US ATLAS Facility Plan Requirements Discussion


These are notes taken from the facilities planning discussion at Tier3/Tier2 Workshop at Indiana, http://indico.cern.ch/conferenceDisplay.py?confId=15523.

General production goals

  • Kaushik notes that we need to triple our production capacity by December 2007. This might be achieved by doubling installed capcity of cores, since we are already producing 1/3 more than the US share of the overall ATLAS quota.
  • We also need to maximize our efficiency to meet this goal, within the context of the Integration Program. Our target in 2007 is ~3000 cores (see Michael's table, assuming a 1.3 factor between core and Si2K? ).
  • Kaushik notes that about 1200 jobs on average are running. For storage, 1PB capacity at the Tier2s by end of 2007.
  • Beyond capacity, performance issues, e.g., I/O and disk access, is a concern. This may depend on the access methods, e.g., TAG based analysis into files for data skimming.

Scaling problems

  • Scaling issues arising from increase in the CPUs over the past few months have mostly been involved with data transfers. No Panda scaling issues have been observed.
  • Large numbers of files backlogged at the Tier2 centers. Will DQ2 0.3 solve these problems?
  • We need to understand better which pieces of the infrastructure are introducing latencies; for example the SRM, especially for small files.
  • Regarding storage at BNL, within a month there will be about 1.5 PB of storage available.
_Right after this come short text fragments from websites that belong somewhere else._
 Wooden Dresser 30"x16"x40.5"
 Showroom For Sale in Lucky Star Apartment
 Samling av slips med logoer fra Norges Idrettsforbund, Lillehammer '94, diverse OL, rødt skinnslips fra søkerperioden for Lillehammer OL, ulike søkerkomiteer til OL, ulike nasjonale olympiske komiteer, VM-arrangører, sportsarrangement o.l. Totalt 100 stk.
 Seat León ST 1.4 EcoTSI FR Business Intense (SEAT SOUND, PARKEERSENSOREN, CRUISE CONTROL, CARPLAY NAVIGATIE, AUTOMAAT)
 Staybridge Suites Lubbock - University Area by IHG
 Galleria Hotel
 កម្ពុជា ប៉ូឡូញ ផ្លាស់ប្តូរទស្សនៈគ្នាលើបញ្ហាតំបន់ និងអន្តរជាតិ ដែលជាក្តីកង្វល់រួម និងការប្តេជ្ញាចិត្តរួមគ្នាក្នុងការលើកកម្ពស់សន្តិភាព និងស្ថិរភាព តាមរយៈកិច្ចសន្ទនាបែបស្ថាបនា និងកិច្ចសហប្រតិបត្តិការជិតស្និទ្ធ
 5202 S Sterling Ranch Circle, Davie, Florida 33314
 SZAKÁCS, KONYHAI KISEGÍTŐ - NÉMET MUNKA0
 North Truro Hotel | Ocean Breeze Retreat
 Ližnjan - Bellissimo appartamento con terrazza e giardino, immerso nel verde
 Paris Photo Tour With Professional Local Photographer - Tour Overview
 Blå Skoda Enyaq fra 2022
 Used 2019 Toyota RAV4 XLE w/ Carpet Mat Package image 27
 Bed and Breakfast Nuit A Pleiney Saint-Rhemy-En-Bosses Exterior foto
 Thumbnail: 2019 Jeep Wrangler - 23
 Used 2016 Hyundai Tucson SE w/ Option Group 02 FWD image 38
Storage management at Tier2s

  • For scalability, we need a managed entry point into the backend storage systems at the Tier2s.
  • We thus need a SRM at each Tier2 with load balancing between Gridftp servers behind these. We will not be able to live with single Gridftp door at the site.

DDM issues

  • Alexei reporting on a situation of high latency in a single transfer being investigated; discovered that it was a dcache problem. Wei: tests with a 1000 file subscription to SLAC.
  • Data distribution issues: schedule and timeline? Alexei would like to do the functional tests as soon as possible.
  • By next Wednesday all sites should be upgraded to DQ2 0.3 so that functional tests and AOD replication may begin.

Analysis requirements and decisions

  • Complete copies of the AODs to be replicated at each Tier2.
  • Separate analysis queues need to be setup at the site. Kaushik will provide the the recipe in the integration page. (See AnalysisQueueP1)
  • Produced DPD's to be replicated back to BNL and CERN.

-- RobertGardner - 22 Jun 2007